Next up in our line up of author profiles from Dead of Winter is Erin J. Kahn, author of “Annabel Lee”, an expansion on the poem of the same name by Edgar Allen Poe. This story follows expertly in Poe’s footsteps, and really is a can’t-miss read.
Read on to find out more about Erin’s motivations as a writer and get an excerpt from “Annabel Lee”.
How did you get started with writing?
I’ve been writing for as long as I can remember. I had a teacher in first grade who encouraged me to write, and ever since then I’ve been churning out stories. I think I started doing it because it was so much fun, and that’s still my main reason for writing.
Do you tend to write in just one genre or do you like to write across multiple genres?
I’ve written Young Adult and Middle Grade novels, short horror stories, and poetry, not to mention blogging and book reviews. I think I’m mainly drawn to YA historical fiction and fantasy / sci-fi because it’s so much fun to write about characters who are having amazing adventures but in many ways are still trying to figure life out.

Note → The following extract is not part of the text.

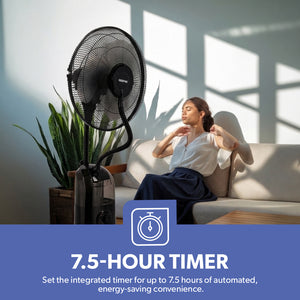 Geepas GF21161 16-Inch Mist Fan with LCD Display | 3 Wind Speeds| 3 Cooling Modes| 7.5-Hour Timer| 2L Water Tank| Remote Control| 100% Copper Motor| 2 Years Warranty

What made you decide to write “Annabel Lee”, which appears in Dead of Winter?
I love Edgar Allan Poe. Last summer I visited his house in Philadelphia, and that renewed my interest in Poe and reminded me of how great his stories are. I wanted to try writing a story in the same style. I took his poem “Annabel Lee” as a starting point and coupled it with the idea that is at the heart of many of his stories: the death of a beautiful young woman and the grief of her husband.
What do you like to do when you’re not writing?
I like reading, going to theatre and music events, and cooking (unless I’m feeling lazy).
Where is the best place for readers to find out more about your work?
I co-author a blog at woodbtwntheworlds.blogspot.com, where you can find my book reviews and occasional literary musings. I also have a short, feminist horror story soon to be published in Fantasia Divinity Magazine.
Thanks, Erin! And now an excerpt from “Annabel Lee”.
Erin J. Kahn
For those of you who do not believe in the permanence of the heart’s affections, I offer the following as evidence. Know that it is of the truest nature, and do not suspect, because of the story’s strange and unnatural elements, that I have constructed a fiction. If you doubt the veracity of my tale, I ask you to reflect on whether I could, of my own volition, have made up a story of such a peculiar nature. If I could have invented a series of events so unlike anything I have ever encountered. No, this story is true, and for proof I lay it before you; its utter strangeness will vindicate me, if my initial argument does not.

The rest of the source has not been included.